Operating system configuration

The database server depends on the operating system to provide low-level access to devices, process scheduling, interprocess communication, and other vital services.
The configuration of your operating system has a direct impact on how well the database server performs. The operating-system kernel takes up a significant amount of physical memory that the database server or other applications cannot use. However, you must reserve adequate kernel resources for the database server to use.
In addition, besides tuning the kernel, there are soft limits on various resources such as stack size, number of file descriptors, and so on. These can be examined and adjusted by the ulimit command.

A common mechanism for operating systems to handle multiple applications doing work at the same time is swap space. Swap space may need to be added or tuned.

Also, the temp directory is a common repository for many common applications (such as vi, ed, or the kernel). Temp may need to be adjusted accordingly, depending on the needs of the users and applications running on the OS.

Disk and controller I/O bottlenecks

It is important to monitor disk usage. If a certain table is used extensively and that table lies on a disk, then there could be i/o contention between that table and another busy table that lies on the same disk. The same goes for disk controllers.

Network configuration and traffic

Applications that depend on a network for communication with the database server and systems that rely on data replication to maintain high availability are subject to the performance constraints of that network. Data transfers over a network are typically slower than data transfers from a disk. Network delays can have a significant impact on the performance of the database server and other application programs that run on the host computer.

Memory management

The operating system needs to have a page in memory to do any operations on that page. If the operating system needs to allocate memory for use by a process, it first will try to scavenge any unused pages within memory that it can find. But what if no free pages exist?

The memory-management system then has to choose pages that other processes are still using. The engine tries to determine the pages that seem least likely to be needed in the short run that can be replaced by the new pages. This process of locating such pages that can be displaced is called a page scan. A page scan can increase CPU utilization.

Most memory-management systems use a least recently used algorithm to determine which pages can be replaced in memory. These pages are first copied out to disk. Once they are copied, the memory is then freed for use by other processes. When a page is written out to disk, it is written to a specific area called swap space. This space is typically a dedicated disk or disk partition. This disk or disk partition, which will hold these swapped-out pages, is called the swap space or swap area. This process is called paging. Paging utilizes I/O resources and CPU cycles to do its work.
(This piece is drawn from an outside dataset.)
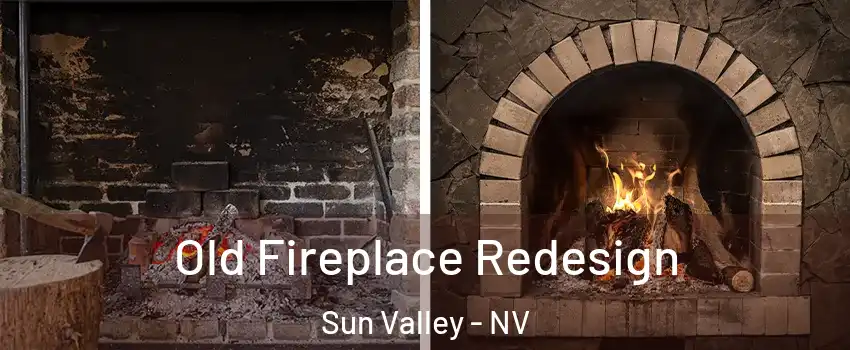  Old Fireplace Redesign Sun Valley - NV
At some point, the page images that have been swapped out must be swapped back in for use by the processes that need them. And so the cycle starts again with other older pages (pages that have not been used relatively recently). If there is enough swapping back and forth, then the OS may reach a point in which the kernel is almost totally occupied with swapping pages in and out. This state is called thrashing. If the system is thrashing, all useful work comes to a halt.

In order to prevent thrashing, some operating system's memory-management algorithms actually scale coarser at a certain threshold. Instead of looking for older pages, it swaps out all pages for a particular process. This process is called swapping.

Each and every process that is swapped out must eventually be swapped back in. This dramatically increases disk I/O to the swap device and the time required to switch between processes, as each context switch must now also involve paging in all pages involved with the process. Performance is then limited to the speed at which those pages can be transferred from the swap disk back into memory. A system that is swapping is severely overloaded, and throughput is impaired.

Many operating systems have commands that provide information about paging activity that includes the number of page scans performed, the number of pages sent out of memory (paged out), and the number of pages brought in from memory (paged in):

  • Paging out is the critical factor. The operating system pages out when it cannot find pages that are already free
  • An early indicator that memory utilization is becoming a bottleneck is a high rate of page scans
  • If a process is terminated, all pages in memory are simply marked as freed and are able to be re-used, so paging-in activity may not provide an accurate reflection of the load on memory. Many processes starting may result in a high rate of paging in without a significant performance impact

The ONCONFIG

VPCLASS

IDS is scalable and so can be tuned to accommodate large instances. The main parameter for tuning VPs is the VPCLASS parameter.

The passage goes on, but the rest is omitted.